活用力・脱ゆとり 強く意識 【学力テスト】

学力テストでは、国際調査で弱いとされた「知識の活用力」と「脱ゆとり」を強く意識した問題が出題された。文科省は「学ぶ意欲の向上となるよう工夫した」としているが、専門家からは「生活場面や分析・活用力を意識しすぎている」との指摘も聞かれた。

■復活

 「脱ゆとり」を目指す新学習指導要領が来年度から中学校で完全移行されることに伴い、平成21年度から先行実施している算数・数学では新要領を踏襲した問題がみられた。

 図は中学数学A問題で出題された球の体積と円柱の体積との関係の理解を問うものだ。球の体積を求める公式はこの10年間、高校で教えるものとされてきた。だが、新要領では中学1年で習うことになる。同様に小学校の算数で教えることになった直方体の体積や合同な図形に関する出題もあった。

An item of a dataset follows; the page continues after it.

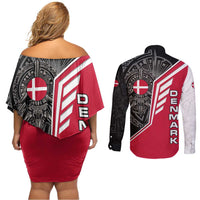 Denmark Flag Couples Matching Off Shoulder Short Dress and Long Sleeve Button Shirt with Viking Rune Pattern and Nordic Crest Design - Wonder Print Shop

 生活に密着した親しみやすい問題も出題された。中学数学B問題では、昨年の全国高校野球選手権大会決勝の投球データを題材に資料を読み取る力をみた。小学算数B問題でも、荷物の「3辺の合計」や「重さ」が示された表を基に、宅配便のサイズや送料の求め方を考える設問もあった。桜美林大の芳沢光雄教授(数学教育)は「生きた題材の問題が出題されたと感じる。工夫の跡がある」と評価する。

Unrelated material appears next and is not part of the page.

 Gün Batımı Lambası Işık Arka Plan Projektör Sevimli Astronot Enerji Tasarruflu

 経済協力開発機構(OECD)の学習到達度調査(PISA)を意識した問題もみられた。PISA型学力は、知識や経験を活用して筋道立てた考察ができるかや、必要な情報を選び説明・表現する力で、日本の生徒が弱いとされる。
中学国語B問題では、視覚的な図で場所を示す「ピクトグラム」に関して出題。学校図書館を示す2つのピクトグラムを示し、自分ならどちらを採用するか聞いた。理由が明確に書かれ記述形式に間違いがなければ、どちらも正解だ。

 国語作文教育研究所長の宮川俊彦氏は「PISAを意識しすぎている。情緒的な読解や古典、俳句などの出題がないのは物足りない」との見方を示した。

■配慮

 被災地への配慮もみられた。小学国語A問題では当初予定された問題に地震や津波など災害を思い起こさせる出題があったため、適切ではないと判断、急(きゅう)遽(きょ)差し替える措置を取った。

 被災地でもテストの需要は高く、岩手県で79・5%、宮城県で82・0%、福島県で95・6%に上り、全国平均を大きく上回った。だが、被災地では間借りや休校が続く学校も多い。ある被災地の教委担当者は「各校で状況が異なるため地域内の全校統一で実施するのは難しい」と話した。